INPUT DATA -
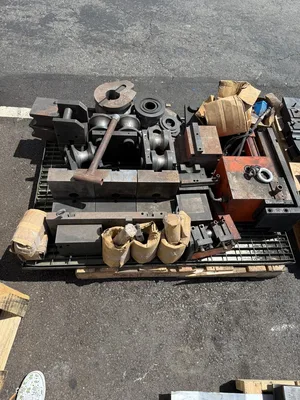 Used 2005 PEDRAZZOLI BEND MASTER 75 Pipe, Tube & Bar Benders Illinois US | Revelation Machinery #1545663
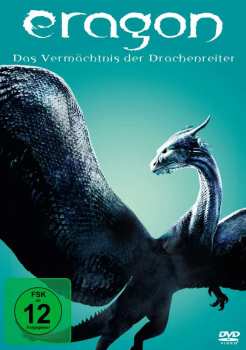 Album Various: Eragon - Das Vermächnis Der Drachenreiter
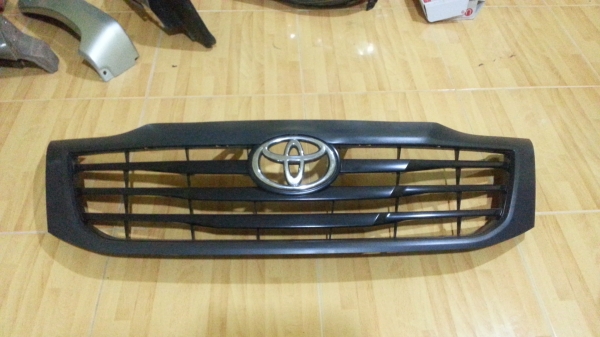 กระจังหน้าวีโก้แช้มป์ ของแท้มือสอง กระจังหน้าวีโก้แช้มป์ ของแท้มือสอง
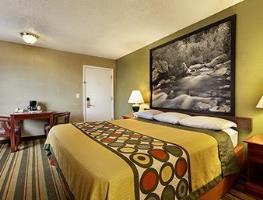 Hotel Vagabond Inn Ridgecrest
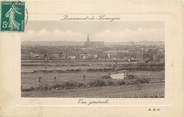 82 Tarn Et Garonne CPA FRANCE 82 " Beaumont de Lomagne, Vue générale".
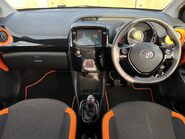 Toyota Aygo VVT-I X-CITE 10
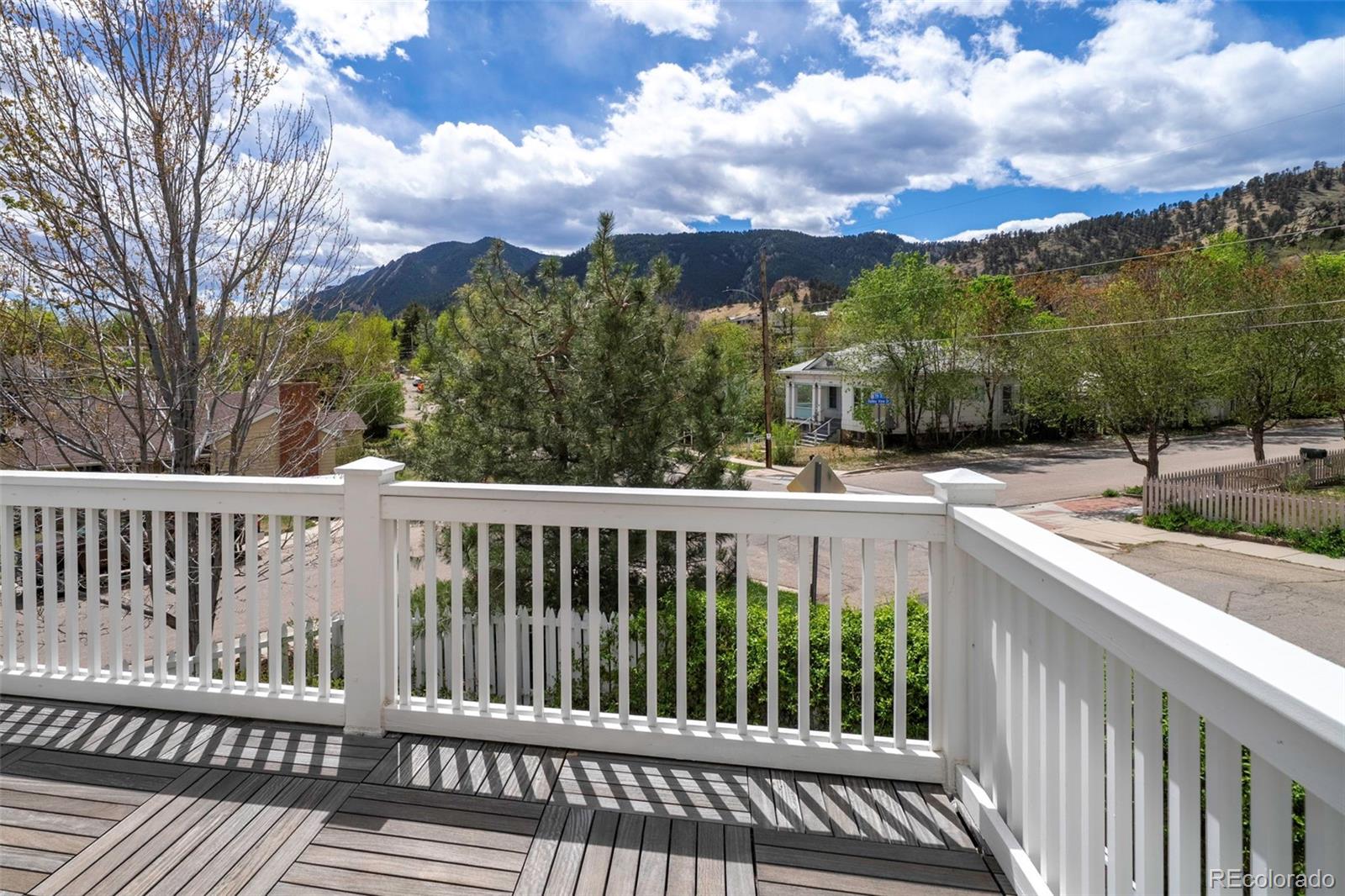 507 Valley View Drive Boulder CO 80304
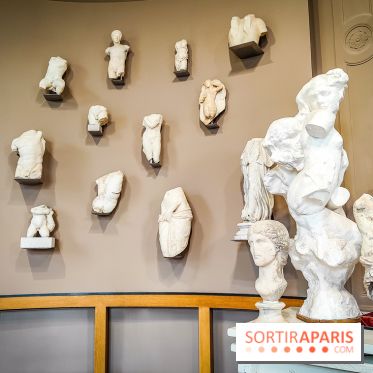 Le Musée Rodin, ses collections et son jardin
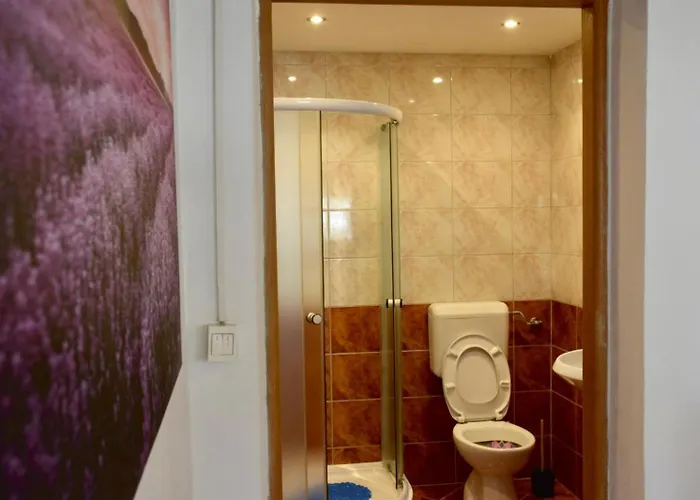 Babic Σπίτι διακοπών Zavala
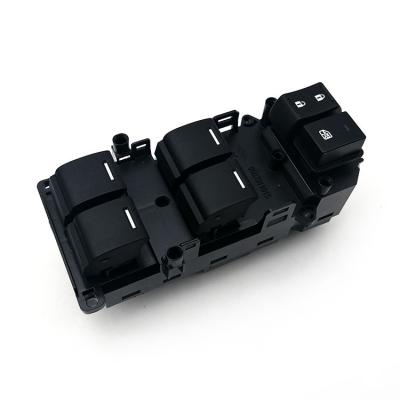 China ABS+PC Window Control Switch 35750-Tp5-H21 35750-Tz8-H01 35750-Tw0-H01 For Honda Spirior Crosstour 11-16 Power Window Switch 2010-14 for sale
...
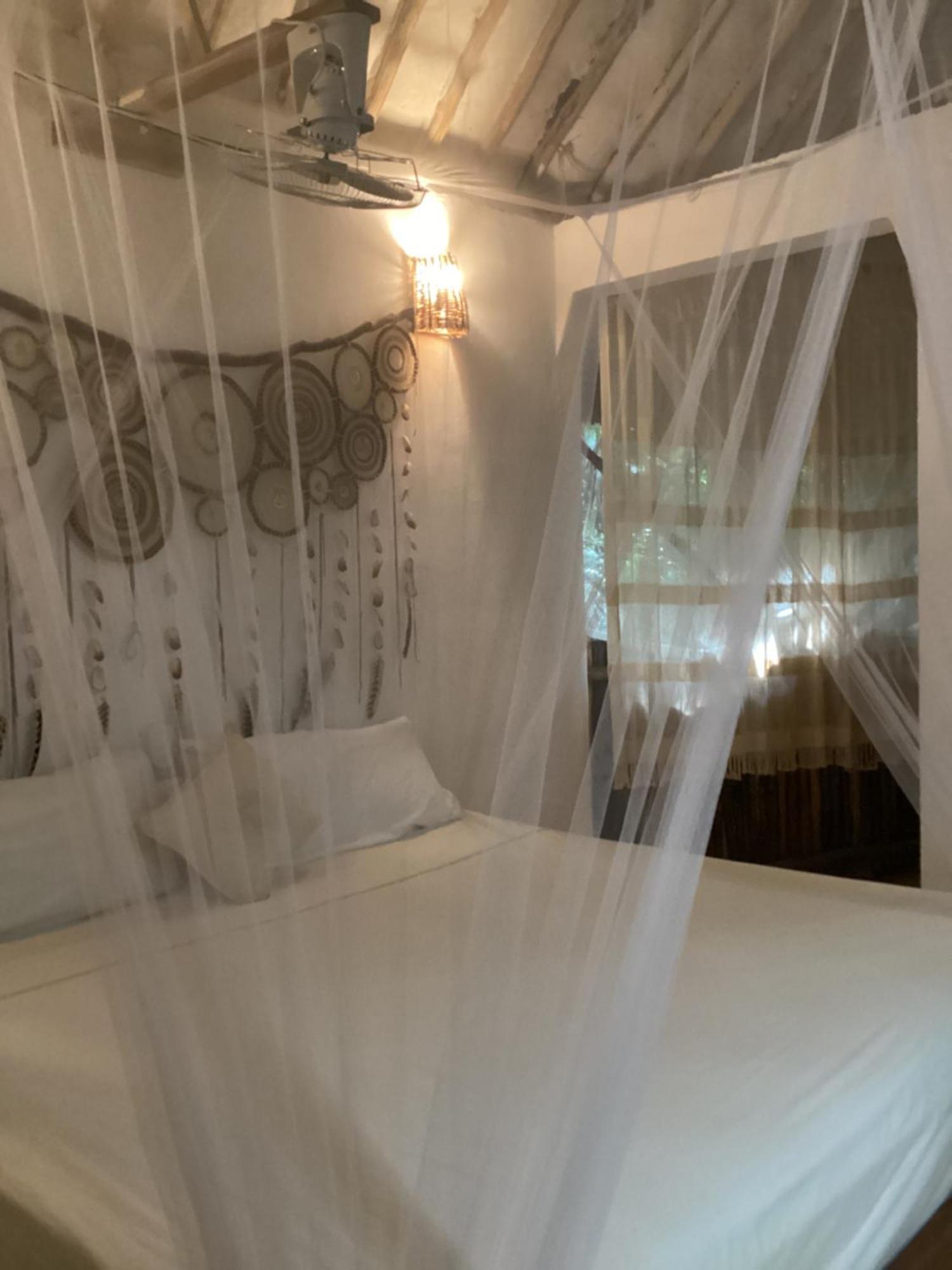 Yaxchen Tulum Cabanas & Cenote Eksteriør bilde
...
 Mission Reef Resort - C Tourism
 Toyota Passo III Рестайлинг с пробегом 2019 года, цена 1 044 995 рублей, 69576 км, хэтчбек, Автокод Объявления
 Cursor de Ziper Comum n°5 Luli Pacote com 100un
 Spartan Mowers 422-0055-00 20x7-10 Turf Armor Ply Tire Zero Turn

WHAT YOU NEED TO DO -
Copy exactly the part of the material above that opens with the line containing "Used 2005 PEDRAZZOLI" and closes with the line containing "China ABS+PC Window", ends included. Drop the images.

SOLUTION TO THE PROBLEM -
 Used 2005 PEDRAZZOLI BEND MASTER 75 Pipe, Tube & Bar Benders Illinois US | Revelation Machinery #1545663
 Album Various: Eragon - Das Vermächnis Der Drachenreiter
 กระจังหน้าวีโก้แช้มป์ ของแท้มือสอง กระจังหน้าวีโก้แช้มป์ ของแท้มือสอง
 Hotel Vagabond Inn Ridgecrest
 82 Tarn Et Garonne CPA FRANCE 82 " Beaumont de Lomagne, Vue générale".
 Toyota Aygo VVT-I X-CITE 10
 507 Valley View Drive Boulder CO 80304
 Le Musée Rodin, ses collections et son jardin
 Babic Σπίτι διακοπών Zavala
 China ABS+PC Window Control Switch 35750-Tp5-H21 35750-Tz8-H01 35750-Tw0-H01 For Honda Spirior Crosstour 11-16 Power Window Switch 2010-14 for sale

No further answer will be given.